The Utah-based Church of Jesus Christ of Latter-day Saints and a majority of state senators have signed on to friend-of-the-court briefs in support of a Colorado bakery shop owner who refused on religious grounds to make a cake for a same-sex wedding.
In response to the article above, I see a lot of people say “Well don’t businesses have the right to refuse service to anybody?”
Actually, no. Federal law dictates that a public business cannot discriminate against somebody based on their race, color, religion, national origin or disability. Right to refuse service is only legal if it is a clearly defined policy, does not target an entire group of people, and is applied consistently to all potential patrons. Sexual Orientation is technically not on that list, but many states have added it, and the argument is that morally (and based on legal precedent) it makes sense to add it.
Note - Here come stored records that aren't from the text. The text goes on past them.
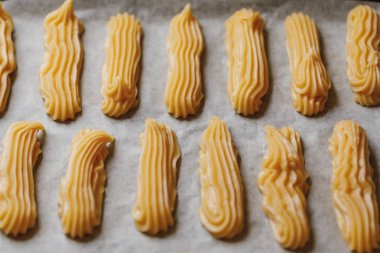 fırın tepsisinde ham Eclairs choux pasta
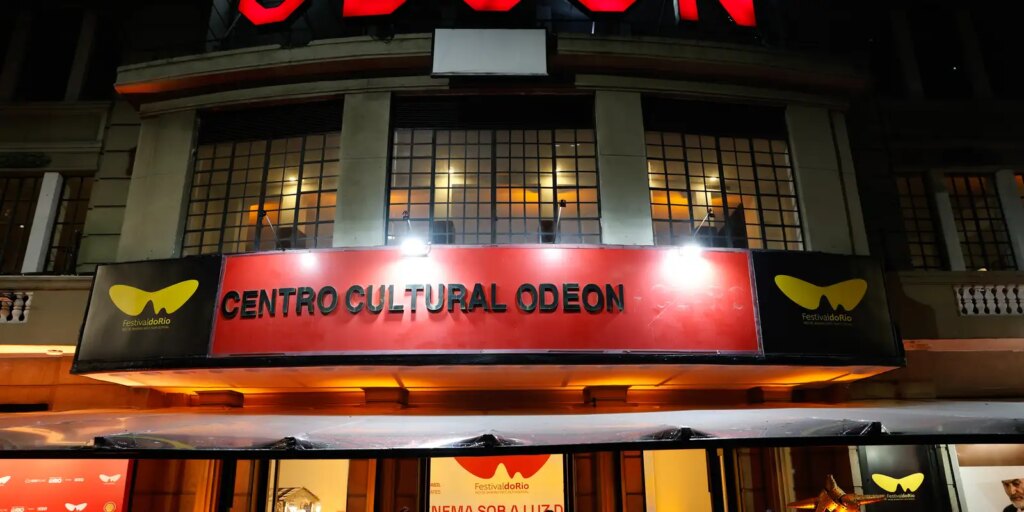Aos 100 anos, Odeon representa resistência do cinema de rua no Rio aos-100-anos,-odeon-representa-resistencia-do-cinema-de-rua-no-rio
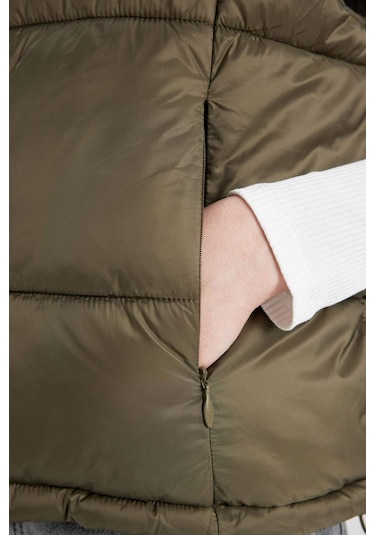 Defacto Su Geçirmez Şişme Yelek Dik Yaka Fermuarlı Cepli Etek Ucu Ayarlanabilir Lastikli Mevsimlik A0979AX24AUKH6 Haki Defacto Su Geçirmez Şişme Yelek Dik Yaka Fermuarlı Cepli Etek Ucu Ayarlanabilir Lastikli Mevsimlik A0979AX24AUKH6 Haki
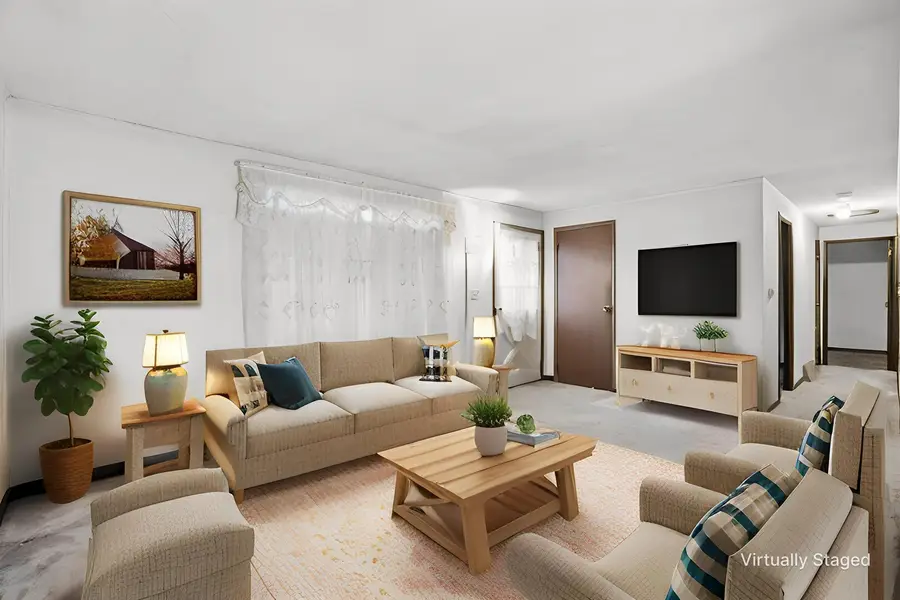 1495 Glenwood Drive, Le Claire, IA 52753 - Image #3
From a legal standpoint, the freedom of religion argument is kind of weak, because while many Christian religions may state that you should not be homosexual, nowhere does it say that you should shut people out. Therefore a refusal to serve is not acting in accordance with your faith, it’s an attempt to persuade others to act in accordance with your faith, which is not protected. The LDS religion preaches love and acceptance towards the LGBT community, and denying service to them does not fit this description. If we set the legal precedent that LGBT can be refused service due to religious beliefs, it creates a slippery slope that could lead to an argument that serving a Mormon or a black man is against somebody’s freedom of religion.
But here’s the bottom line: Telling somebody that you refuse to give them the same respect you give everybody else based on their identity is mean, it’s not loving, and it’s not Christ-like. And I don’t understand how these people can’t see that.